▸ **TASK PROMPT**:
From the entries below, return only the lines starting at the one that contains "Closed Canvas Tote" and ending at the one that contains "Image of PETER", exactly as they stand.

▸ **DATA FOR REVIEW**:
-----
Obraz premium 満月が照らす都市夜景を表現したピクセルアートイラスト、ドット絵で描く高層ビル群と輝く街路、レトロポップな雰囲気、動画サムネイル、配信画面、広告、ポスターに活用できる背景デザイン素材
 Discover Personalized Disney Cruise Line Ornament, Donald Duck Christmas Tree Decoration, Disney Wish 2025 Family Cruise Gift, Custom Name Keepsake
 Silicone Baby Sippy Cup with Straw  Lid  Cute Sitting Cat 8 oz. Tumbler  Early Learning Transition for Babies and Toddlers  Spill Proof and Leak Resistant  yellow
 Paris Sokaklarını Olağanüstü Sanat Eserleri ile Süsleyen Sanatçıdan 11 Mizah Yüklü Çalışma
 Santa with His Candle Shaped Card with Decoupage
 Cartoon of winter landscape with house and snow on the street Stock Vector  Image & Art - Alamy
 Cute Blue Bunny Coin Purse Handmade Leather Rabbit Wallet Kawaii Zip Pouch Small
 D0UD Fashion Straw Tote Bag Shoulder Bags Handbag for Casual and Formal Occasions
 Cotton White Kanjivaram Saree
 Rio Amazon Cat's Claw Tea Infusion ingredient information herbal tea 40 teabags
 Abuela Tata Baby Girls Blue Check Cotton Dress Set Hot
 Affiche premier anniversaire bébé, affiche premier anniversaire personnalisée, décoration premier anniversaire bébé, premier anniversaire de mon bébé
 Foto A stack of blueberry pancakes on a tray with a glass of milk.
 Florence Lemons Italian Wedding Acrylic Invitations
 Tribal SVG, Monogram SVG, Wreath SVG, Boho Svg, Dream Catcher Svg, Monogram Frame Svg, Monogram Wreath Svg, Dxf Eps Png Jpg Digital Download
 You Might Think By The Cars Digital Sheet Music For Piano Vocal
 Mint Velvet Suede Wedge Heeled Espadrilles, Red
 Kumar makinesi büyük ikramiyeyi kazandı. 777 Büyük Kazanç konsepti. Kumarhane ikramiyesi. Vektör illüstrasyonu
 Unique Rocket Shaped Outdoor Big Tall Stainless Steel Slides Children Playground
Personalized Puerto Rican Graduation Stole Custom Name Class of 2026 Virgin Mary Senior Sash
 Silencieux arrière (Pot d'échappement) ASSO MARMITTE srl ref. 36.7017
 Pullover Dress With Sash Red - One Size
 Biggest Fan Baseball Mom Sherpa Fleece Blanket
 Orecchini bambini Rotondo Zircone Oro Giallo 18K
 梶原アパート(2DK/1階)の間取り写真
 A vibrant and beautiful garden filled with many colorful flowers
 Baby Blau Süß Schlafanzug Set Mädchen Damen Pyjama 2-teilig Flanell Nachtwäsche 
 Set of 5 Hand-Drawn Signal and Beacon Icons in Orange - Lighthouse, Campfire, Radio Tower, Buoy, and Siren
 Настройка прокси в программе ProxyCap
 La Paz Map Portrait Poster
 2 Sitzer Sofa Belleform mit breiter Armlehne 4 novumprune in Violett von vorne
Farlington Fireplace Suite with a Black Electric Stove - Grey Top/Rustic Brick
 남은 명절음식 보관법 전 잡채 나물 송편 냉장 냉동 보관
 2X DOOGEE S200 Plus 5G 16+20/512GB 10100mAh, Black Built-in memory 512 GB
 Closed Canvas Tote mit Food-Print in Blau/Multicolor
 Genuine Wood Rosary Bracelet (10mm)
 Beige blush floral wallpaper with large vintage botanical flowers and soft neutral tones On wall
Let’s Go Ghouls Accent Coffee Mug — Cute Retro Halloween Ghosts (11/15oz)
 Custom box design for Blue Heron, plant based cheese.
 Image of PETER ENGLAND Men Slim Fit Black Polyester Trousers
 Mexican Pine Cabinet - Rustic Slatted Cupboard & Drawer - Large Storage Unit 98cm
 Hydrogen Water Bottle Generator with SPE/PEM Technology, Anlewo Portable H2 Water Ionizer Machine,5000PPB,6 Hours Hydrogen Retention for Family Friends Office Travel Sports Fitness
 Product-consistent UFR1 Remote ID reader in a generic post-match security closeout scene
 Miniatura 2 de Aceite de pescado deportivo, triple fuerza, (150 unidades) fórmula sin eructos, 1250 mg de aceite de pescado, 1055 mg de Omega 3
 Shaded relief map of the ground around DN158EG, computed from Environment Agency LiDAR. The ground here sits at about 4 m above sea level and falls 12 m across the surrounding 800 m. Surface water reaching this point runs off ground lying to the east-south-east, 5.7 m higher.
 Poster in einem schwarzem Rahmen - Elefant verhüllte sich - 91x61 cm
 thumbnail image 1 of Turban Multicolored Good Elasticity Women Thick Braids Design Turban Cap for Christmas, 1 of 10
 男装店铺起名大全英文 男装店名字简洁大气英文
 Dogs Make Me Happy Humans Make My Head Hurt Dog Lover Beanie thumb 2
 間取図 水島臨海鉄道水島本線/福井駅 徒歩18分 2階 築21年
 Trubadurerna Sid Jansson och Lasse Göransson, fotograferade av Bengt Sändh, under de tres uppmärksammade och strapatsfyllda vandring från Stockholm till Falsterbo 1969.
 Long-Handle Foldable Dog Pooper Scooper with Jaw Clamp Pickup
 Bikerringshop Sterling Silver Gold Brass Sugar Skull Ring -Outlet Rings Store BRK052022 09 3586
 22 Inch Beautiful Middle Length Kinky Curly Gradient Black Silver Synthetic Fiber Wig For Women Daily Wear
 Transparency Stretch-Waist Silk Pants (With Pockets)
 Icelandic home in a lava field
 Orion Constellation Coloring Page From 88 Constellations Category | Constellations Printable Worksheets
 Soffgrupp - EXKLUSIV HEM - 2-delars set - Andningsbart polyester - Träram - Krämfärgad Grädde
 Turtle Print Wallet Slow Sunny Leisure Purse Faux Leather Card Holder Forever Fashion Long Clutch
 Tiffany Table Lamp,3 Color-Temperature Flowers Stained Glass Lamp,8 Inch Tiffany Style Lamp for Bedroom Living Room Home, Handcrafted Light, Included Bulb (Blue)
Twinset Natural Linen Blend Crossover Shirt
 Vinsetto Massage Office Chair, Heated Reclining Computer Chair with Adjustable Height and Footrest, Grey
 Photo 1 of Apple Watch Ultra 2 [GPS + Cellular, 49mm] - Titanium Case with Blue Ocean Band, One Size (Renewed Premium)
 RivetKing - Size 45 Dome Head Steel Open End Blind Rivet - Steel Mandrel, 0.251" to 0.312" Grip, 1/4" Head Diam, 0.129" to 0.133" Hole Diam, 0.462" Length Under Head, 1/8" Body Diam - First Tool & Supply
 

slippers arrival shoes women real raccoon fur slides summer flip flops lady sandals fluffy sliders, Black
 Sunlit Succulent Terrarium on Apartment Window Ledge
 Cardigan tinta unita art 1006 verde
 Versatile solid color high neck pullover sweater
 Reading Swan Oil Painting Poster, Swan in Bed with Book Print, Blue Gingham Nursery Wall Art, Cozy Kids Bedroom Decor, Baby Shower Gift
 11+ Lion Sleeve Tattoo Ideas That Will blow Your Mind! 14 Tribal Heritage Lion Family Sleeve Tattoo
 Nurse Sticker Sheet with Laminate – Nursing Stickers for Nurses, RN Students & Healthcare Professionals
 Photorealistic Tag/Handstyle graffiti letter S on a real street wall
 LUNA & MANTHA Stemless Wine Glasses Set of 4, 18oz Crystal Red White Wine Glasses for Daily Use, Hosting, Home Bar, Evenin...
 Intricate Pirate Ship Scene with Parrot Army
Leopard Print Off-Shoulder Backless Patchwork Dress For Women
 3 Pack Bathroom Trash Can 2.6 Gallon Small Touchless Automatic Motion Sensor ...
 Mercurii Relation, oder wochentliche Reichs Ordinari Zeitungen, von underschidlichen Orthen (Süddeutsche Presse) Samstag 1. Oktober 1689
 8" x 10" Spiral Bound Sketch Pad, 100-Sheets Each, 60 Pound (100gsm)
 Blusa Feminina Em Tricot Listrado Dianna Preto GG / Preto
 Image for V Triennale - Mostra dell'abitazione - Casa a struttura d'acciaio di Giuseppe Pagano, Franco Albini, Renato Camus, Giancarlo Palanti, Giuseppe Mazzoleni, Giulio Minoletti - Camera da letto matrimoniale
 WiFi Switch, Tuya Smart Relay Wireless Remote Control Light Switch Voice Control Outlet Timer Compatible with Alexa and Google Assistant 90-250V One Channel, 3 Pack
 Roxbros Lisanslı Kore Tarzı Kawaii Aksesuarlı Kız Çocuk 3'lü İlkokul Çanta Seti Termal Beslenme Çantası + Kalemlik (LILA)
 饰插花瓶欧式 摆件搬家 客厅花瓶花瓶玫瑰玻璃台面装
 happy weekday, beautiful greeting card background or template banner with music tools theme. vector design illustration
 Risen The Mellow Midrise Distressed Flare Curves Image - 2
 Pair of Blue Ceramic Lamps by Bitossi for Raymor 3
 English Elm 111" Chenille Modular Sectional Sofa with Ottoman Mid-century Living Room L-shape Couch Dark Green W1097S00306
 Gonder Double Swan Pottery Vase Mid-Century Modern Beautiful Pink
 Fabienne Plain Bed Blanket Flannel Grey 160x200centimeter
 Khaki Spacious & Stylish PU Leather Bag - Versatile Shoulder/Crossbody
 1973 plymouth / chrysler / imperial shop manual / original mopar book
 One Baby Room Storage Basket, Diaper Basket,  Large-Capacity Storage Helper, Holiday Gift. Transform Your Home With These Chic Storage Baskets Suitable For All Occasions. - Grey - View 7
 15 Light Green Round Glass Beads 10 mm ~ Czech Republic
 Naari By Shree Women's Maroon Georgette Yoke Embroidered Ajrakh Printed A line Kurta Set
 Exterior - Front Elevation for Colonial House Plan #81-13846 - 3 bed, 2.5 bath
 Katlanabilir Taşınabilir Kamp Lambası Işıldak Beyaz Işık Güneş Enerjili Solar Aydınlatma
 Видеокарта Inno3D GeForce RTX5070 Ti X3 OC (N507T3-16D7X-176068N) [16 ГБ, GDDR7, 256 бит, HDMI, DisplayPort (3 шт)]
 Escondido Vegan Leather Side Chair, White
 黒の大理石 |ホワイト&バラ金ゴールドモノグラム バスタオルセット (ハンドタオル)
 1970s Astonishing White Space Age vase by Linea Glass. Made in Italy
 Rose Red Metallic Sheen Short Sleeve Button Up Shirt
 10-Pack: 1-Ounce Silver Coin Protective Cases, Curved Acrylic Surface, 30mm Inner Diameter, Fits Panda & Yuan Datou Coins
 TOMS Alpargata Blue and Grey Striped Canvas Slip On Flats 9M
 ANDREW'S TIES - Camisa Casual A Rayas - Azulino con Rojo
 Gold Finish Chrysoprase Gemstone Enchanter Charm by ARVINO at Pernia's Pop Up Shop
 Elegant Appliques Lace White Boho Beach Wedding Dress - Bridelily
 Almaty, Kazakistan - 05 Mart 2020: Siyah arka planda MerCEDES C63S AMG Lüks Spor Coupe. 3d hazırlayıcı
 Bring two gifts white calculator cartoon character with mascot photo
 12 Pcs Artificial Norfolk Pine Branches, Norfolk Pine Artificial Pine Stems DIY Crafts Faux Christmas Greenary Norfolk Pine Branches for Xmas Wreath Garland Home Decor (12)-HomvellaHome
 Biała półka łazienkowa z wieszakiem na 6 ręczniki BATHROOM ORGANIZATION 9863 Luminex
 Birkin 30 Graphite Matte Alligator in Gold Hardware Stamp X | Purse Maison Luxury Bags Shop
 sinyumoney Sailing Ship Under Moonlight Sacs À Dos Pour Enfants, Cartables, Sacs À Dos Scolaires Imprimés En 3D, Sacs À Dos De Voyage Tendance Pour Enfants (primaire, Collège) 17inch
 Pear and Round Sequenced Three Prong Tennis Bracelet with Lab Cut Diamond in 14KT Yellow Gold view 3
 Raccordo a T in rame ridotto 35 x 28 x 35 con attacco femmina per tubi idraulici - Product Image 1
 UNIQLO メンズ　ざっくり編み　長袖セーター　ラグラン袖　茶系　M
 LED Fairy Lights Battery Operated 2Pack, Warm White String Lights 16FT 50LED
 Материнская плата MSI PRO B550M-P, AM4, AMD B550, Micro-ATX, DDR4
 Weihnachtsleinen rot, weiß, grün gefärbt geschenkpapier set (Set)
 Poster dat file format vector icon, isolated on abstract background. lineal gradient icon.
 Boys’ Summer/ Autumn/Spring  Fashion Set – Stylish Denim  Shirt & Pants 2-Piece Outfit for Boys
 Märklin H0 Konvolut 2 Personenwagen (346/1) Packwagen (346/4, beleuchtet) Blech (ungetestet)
-----
▸ **EXPECTED OUTPUT**:
 Closed Canvas Tote mit Food-Print in Blau/Multicolor
 Genuine Wood Rosary Bracelet (10mm)
 Beige blush floral wallpaper with large vintage botanical flowers and soft neutral tones On wall
Let’s Go Ghouls Accent Coffee Mug — Cute Retro Halloween Ghosts (11/15oz)
 Custom box design for Blue Heron, plant based cheese.
 Image of PETER ENGLAND Men Slim Fit Black Polyester Trousers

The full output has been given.